En la planta baja del castillo de San Javier penetro en un túnel muy oscuro con hornacinas y vitrinas iluminadas que me muestran momentos de la vida del clérigo. Aquí no voy a encontrar rastro alguno de bastión defensivo con guerreros, espadas, escudos blasonados, yelmos, petos, mallas, armaduras y demoníacos instrumentos de tortura o calabozos subterráneos de hedor hediondo. Esto es más bien un museo auto-temático para alabar el recuerdo del santo. De familia adinerada, nace aquí Javier en Julio de 1506. Íntimamente ligado a Ignacio de Loyola, un faro de luz en su vida monacal, San Javier es venerado, respetado y encomiado (loado) en Japón, donde cosechó toda suerte de bondades durante algo más de una década.
La piedra es casi sanguínea, salpicada de rojizos, como una lágrima viva de color encarnado que empapase la piedra porosa con predominio del tono de la arenisca de un desierto eterno. Me hace pensar en el óxido de hierro o una policromía anterior casi extinta ya. Merece la pena subir a la torre para apreciar unas magníficas vistas de ave rapaz desde los cielos.

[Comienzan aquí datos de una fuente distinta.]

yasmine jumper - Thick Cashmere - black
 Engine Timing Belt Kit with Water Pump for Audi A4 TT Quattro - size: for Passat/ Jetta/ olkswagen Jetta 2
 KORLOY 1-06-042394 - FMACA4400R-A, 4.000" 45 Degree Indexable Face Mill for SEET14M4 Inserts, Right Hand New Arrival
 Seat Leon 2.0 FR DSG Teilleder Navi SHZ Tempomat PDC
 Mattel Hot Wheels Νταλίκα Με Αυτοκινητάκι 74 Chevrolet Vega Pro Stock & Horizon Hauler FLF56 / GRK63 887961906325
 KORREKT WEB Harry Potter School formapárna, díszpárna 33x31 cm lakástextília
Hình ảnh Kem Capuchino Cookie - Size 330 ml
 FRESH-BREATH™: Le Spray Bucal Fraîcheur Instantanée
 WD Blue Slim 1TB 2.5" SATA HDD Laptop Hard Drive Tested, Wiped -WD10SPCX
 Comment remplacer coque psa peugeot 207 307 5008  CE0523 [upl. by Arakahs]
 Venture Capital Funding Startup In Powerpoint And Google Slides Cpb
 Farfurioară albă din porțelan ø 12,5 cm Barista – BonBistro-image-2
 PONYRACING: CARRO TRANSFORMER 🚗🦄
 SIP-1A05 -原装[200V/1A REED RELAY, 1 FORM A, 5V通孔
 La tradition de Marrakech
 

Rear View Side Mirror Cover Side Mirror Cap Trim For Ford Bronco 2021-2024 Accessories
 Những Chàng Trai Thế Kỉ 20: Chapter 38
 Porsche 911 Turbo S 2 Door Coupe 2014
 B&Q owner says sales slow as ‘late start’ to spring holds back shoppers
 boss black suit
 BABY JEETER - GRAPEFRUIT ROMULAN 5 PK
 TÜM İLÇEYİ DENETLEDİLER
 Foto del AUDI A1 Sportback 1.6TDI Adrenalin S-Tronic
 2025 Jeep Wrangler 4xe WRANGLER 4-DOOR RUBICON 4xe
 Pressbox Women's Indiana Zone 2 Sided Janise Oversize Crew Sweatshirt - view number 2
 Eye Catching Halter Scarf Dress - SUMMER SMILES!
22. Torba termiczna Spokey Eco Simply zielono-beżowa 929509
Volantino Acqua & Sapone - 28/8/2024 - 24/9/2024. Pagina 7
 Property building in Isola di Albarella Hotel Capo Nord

En la sala 8 me encuentro con la capilla del Cristo sonriente; una imagen ciertamente paradójica si uno comienza a rememorar aquel calvario atroz antes de la abominable crucifixión. La capilla no puede ser más lóbrega y tétrica: parece dispuesta a fagocitar(tragarse) cualquier rastro de alegría benigna proveniente de esa sonrisa dulce y espontánea. Para dilatar aún más esa sensación casi ominosa (hostil), acompañan a Cristo unas pinturas de autor ignoto (desconocido) que nos hablan del rastro letal de la peste.
Turno para la parroquia de la Anunciación. Nada desbordante de elogios salvo la reseñable pila bautismal original donde fuese bautizado San Javier. Uno no tiene más que observar las cicatrices de la piedra para inferir su “ancianidad”.